Wie hört Musik am pc ?

300 bis 400 € für Hardware ausgeben und dann musik als mp3 oder als streaming anhören ist perlen vor die Säue werfen


----------



## Herbboy (30. April 2016)

Die Frage ist, was er für Boxen nutzt. Je besser die sind, desto eher lohnt sich eine Soundkarte. Wichtig ist auch: wie überträgt er den Sound zu den Boxen? Wenn es digital passiert, spielt die Soundkarte wiederum keine Rolle.


----------



## Alisis1990 (1. Mai 2016)

Also über klinke machen bei relativ vernünftigen soundsystemen Soundkarten schon sinn. So 15€ Soundkarten mal außen vor. 

Ich persönlich nutze Soundkarten aber nur an Systemen die Viel für Musik genutzt werden zwecks Aufnahme UND abspielqualität. 

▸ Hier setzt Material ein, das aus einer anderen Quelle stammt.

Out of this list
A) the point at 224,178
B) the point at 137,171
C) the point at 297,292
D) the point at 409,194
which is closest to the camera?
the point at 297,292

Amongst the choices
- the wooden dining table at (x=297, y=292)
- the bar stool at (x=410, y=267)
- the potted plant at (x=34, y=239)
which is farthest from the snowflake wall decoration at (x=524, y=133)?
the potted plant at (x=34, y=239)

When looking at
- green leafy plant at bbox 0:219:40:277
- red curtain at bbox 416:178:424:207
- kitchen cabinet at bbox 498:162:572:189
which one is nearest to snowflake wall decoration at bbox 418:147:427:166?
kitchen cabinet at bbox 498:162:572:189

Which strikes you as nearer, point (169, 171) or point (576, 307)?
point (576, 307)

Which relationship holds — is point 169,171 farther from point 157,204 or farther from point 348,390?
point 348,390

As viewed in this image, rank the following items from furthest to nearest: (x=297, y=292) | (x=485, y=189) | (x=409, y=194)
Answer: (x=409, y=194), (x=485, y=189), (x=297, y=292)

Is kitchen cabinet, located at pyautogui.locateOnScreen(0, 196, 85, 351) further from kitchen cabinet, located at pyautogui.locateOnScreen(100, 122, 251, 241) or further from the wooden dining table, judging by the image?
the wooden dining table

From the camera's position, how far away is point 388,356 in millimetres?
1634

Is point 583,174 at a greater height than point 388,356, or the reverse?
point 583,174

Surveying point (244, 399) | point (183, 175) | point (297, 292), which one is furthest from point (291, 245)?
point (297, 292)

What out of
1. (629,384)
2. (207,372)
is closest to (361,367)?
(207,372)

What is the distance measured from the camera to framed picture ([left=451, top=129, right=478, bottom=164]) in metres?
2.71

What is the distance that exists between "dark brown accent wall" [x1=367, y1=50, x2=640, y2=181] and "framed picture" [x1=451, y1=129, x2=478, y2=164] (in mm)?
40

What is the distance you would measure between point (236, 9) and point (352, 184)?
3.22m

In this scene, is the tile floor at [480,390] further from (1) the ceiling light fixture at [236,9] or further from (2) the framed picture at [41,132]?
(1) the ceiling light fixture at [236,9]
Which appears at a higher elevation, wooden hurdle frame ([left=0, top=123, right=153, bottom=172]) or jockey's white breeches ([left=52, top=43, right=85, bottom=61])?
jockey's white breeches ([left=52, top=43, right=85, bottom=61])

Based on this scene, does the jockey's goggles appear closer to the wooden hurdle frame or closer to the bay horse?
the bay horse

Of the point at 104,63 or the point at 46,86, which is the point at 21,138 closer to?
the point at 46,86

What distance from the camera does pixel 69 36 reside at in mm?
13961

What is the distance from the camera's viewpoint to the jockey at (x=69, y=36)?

Ansonsten würde noch interessieren welche Software zur Wiedergabe genutzt wird. Ich finde z.B., dass ITunes einfach viel harmonischer klingt als der Windows Mediaplayer. Erst recht wenn man den Equalizer des Tools mit einbeziehen will. Das kann iTunes ziemlich gut. Falls ihr da nicht nutzt ist es mal einen Blick wert und das kostenlos. 

Aber gute Lautsprecher freuen sich immer über ne gute Soundkarte und soundfiles die mehr als ne MP3 können  .

.flac Dateien mit dem vlc Player wiedergegeben machen auch onboard schon viel Spaß 

Gesendet von meinem SM-N9005 mit Tapatalk


----------



## Radikalnoob (1. Mai 2016)

Hallo und danke schon mal für die zügigen Antworten.

Also die Boxen (Companion 20 von Bose) sind per Klinke mit dem PC verbunden. Hauptsächlich wird Musik aber tatsächlich in Form von mp3 oder Streaming genossen. 

Welche Karte(n) würde sich für solche Zwecke denn eignen?

Einen fröhlichen Tag der Arbeit


----------



## Alisis1990 (1. Mai 2016)

Ist dein Vater denn unzufrieden?

Was für ein Programm wird denn zum Musik hören benutzt? 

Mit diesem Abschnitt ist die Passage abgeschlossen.